**Task goal**
This exercise asks for an exact copy of the lines from the one containing "Different Types Of" through the final line of the material, with pictures omitted.

-.-.-

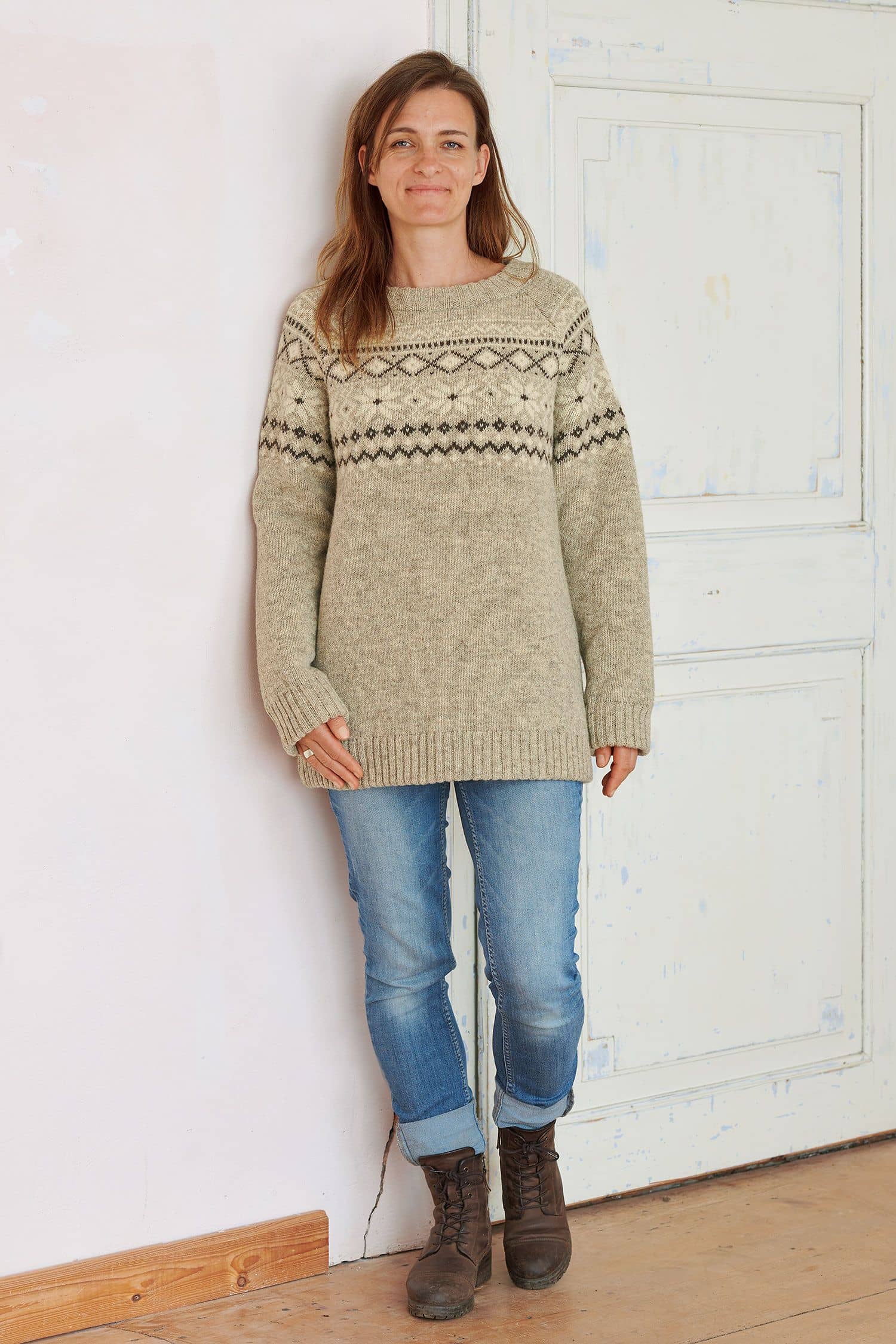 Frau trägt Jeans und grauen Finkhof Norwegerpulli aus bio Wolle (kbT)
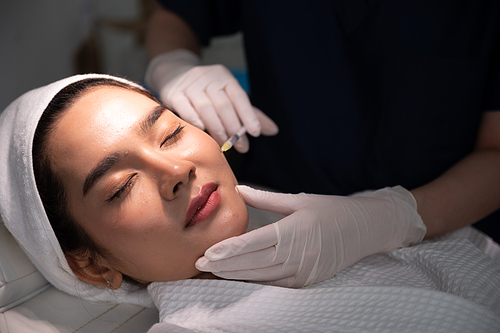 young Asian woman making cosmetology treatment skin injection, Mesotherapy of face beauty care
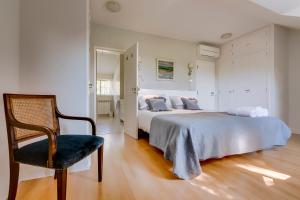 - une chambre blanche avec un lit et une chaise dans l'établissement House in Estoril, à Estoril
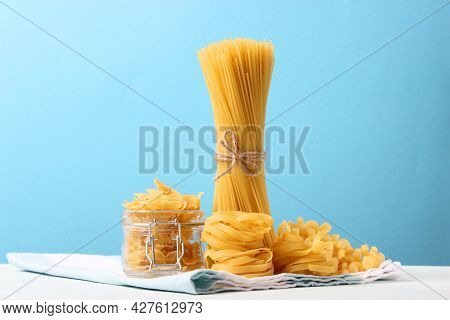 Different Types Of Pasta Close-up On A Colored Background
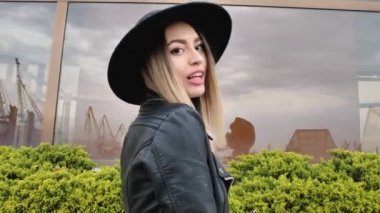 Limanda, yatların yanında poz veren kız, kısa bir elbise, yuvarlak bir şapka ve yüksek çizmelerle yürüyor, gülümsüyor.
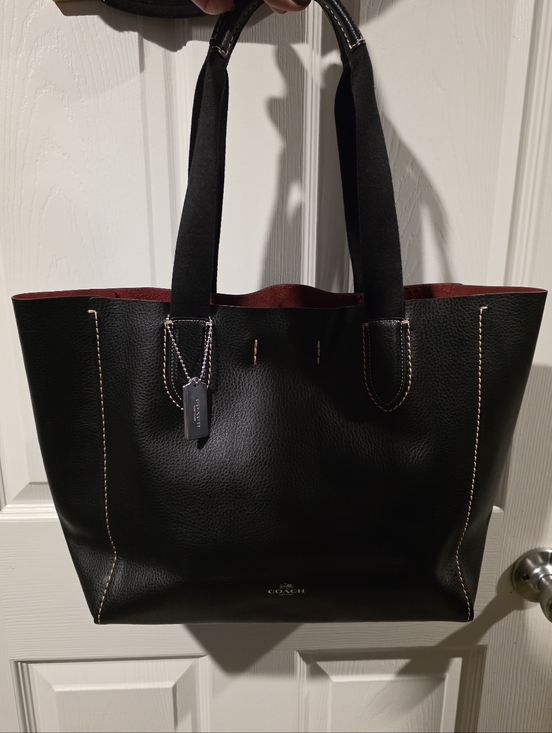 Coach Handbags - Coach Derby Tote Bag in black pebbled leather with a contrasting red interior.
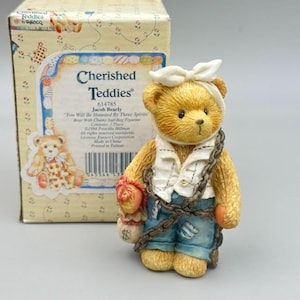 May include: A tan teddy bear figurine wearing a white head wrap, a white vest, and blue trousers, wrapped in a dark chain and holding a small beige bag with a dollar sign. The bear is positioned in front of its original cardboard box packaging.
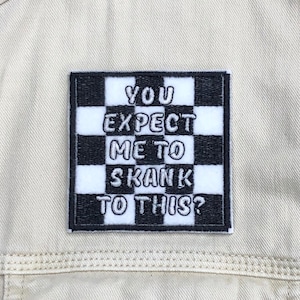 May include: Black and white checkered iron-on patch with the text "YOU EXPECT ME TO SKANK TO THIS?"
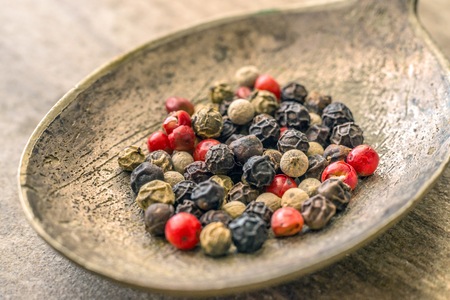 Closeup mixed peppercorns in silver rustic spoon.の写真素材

-.-.-

**Result of the task**
 Different Types Of Pasta Close-up On A Colored Background
 Limanda, yatların yanında poz veren kız, kısa bir elbise, yuvarlak bir şapka ve yüksek çizmelerle yürüyor, gülümsüyor.
 Coach Handbags - Coach Derby Tote Bag in black pebbled leather with a contrasting red interior.
 May include: A tan teddy bear figurine wearing a white head wrap, a white vest, and blue trousers, wrapped in a dark chain and holding a small beige bag with a dollar sign. The bear is positioned in front of its original cardboard box packaging.
 May include: Black and white checkered iron-on patch with the text "YOU EXPECT ME TO SKANK TO THIS?"
 Closeup mixed peppercorns in silver rustic spoon.の写真素材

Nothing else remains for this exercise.